From Casetext: Smarter Legal Research

Carbo v. Colonial Pacific Leasing Corporation

Court of Appeals of Georgia
Dec 16, 2003
264 Ga. App. 785 (Ga. Ct. App. 2003)

Summary

noting that ambiguities in a forum-selection agreement are to be construed against the drafter

Summary of this case from McKenna v. CDC Software, Inc.

Opinion

A03A1917

DECIDED: DECEMBER 16, 2003

Jurisdiction. Fulton Superior Court.

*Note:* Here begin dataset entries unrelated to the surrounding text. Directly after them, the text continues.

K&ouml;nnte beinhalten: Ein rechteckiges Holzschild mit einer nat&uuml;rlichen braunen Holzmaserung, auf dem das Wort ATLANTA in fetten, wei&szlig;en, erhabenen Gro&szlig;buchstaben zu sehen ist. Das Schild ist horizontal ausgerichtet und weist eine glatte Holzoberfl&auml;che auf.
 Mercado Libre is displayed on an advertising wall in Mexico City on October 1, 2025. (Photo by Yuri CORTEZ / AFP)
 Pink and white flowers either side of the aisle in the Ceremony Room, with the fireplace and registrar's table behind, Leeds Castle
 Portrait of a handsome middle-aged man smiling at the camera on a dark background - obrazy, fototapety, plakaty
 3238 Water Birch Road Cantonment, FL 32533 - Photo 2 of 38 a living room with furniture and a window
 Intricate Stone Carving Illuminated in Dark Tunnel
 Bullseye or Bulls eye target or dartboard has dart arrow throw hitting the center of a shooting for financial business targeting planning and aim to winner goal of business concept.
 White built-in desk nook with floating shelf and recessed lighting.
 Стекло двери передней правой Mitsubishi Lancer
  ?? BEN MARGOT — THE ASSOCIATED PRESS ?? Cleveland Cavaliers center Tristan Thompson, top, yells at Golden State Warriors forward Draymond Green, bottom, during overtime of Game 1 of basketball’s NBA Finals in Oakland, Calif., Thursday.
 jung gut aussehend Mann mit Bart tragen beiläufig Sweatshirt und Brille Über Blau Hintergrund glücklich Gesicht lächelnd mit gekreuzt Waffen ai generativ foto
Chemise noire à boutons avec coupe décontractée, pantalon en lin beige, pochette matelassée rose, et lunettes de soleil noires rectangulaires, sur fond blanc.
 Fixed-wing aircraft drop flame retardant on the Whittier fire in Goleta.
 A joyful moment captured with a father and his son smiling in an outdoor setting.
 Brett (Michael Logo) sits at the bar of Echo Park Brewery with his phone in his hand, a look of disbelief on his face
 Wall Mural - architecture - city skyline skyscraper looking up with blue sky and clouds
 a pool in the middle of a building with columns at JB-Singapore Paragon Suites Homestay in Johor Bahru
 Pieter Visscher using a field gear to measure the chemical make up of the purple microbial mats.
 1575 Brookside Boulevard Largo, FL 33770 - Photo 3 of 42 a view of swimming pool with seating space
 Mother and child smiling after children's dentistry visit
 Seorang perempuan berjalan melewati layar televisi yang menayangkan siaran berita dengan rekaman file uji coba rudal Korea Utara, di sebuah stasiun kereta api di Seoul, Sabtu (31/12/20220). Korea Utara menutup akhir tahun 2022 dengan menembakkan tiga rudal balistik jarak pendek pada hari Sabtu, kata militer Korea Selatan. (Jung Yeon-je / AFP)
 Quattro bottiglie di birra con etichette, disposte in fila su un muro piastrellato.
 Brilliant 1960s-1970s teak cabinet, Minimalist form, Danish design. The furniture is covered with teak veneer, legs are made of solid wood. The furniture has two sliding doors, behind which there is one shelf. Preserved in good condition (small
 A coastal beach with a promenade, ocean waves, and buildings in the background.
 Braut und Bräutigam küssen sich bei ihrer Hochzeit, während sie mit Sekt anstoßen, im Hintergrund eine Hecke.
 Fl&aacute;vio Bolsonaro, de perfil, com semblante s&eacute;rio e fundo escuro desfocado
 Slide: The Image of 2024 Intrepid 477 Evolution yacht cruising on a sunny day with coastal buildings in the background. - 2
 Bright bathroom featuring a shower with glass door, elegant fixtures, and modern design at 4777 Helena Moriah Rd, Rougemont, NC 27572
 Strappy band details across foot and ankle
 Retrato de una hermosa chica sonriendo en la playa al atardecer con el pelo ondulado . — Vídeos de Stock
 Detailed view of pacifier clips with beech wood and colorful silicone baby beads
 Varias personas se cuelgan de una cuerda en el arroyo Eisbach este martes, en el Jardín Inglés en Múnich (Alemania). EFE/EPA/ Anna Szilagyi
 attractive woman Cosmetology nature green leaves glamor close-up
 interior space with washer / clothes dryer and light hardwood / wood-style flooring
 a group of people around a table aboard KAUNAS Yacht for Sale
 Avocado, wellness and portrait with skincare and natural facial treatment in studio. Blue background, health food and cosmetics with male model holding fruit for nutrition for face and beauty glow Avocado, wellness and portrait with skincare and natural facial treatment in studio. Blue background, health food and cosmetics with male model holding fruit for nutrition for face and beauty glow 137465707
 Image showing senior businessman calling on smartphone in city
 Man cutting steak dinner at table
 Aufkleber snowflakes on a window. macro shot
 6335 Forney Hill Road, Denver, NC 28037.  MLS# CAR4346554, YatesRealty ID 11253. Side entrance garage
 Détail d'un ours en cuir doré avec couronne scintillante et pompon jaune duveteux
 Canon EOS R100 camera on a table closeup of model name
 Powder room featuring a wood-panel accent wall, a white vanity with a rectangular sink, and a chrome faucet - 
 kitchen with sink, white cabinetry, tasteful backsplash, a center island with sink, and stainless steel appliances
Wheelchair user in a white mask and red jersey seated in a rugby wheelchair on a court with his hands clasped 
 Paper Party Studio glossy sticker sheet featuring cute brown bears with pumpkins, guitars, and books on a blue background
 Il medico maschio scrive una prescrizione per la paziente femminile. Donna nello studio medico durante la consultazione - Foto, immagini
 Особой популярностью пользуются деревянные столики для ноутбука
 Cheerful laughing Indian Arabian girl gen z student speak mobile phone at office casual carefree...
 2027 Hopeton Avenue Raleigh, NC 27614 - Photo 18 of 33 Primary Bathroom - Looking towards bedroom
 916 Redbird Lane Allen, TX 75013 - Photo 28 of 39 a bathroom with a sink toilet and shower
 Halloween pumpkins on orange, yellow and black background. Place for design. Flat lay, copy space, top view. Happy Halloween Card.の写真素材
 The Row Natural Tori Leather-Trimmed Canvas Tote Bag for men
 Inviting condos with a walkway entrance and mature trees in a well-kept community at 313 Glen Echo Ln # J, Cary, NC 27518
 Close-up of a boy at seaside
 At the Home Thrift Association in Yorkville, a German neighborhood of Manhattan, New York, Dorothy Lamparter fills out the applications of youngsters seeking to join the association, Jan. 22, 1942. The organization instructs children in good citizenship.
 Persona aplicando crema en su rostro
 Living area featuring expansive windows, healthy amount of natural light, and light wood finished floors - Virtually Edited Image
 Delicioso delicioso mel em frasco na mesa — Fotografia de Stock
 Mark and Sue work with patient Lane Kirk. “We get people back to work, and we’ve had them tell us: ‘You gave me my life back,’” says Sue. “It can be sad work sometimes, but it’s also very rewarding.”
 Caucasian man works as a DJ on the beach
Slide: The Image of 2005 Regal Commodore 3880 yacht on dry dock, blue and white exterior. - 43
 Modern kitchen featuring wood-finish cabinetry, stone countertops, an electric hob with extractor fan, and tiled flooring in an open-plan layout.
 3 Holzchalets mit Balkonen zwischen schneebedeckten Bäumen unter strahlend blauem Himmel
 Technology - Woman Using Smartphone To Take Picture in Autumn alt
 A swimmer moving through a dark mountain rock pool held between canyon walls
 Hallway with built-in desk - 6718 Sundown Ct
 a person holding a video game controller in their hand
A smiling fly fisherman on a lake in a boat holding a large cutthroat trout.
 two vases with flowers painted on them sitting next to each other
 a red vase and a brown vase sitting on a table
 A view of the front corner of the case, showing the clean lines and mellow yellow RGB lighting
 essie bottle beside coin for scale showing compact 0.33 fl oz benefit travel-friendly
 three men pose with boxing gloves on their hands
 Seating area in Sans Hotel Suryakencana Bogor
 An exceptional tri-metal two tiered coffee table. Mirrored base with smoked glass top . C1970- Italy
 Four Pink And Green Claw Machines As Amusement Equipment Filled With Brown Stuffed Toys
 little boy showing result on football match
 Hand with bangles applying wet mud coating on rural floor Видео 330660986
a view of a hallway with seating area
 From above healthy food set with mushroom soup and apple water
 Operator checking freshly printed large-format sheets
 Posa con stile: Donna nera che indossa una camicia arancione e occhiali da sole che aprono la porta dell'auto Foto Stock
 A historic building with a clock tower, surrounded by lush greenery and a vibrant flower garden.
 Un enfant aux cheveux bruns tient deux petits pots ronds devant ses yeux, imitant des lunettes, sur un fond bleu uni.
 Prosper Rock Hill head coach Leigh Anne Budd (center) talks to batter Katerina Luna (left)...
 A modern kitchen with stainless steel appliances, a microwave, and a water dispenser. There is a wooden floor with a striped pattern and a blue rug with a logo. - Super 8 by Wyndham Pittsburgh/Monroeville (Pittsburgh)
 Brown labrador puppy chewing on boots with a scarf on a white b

Before Judge Bedford.

McGee Oxford, James J. Brissette, for appellant.

Savell Williams, William E. Turnipseed, Scott A. Wandstrat, for appellee.


Remberto Carbo, Jr. brought suit in the State Court of Fulton County against Colonial Pacific Leasing Corporation and Asset Management Outsourcing, Inc. d/b/a Nationwide Recovery Service, Inc. (NRS) for damages he contends resulted from the allegedly false reporting of adverse credit information. Colonial Pacific filed a motion for summary judgment, based in part on improper venue and lack of personal jurisdiction. The trial court agreed that it did not have personal jurisdiction over Colonial Pacific, and Carbo appeals.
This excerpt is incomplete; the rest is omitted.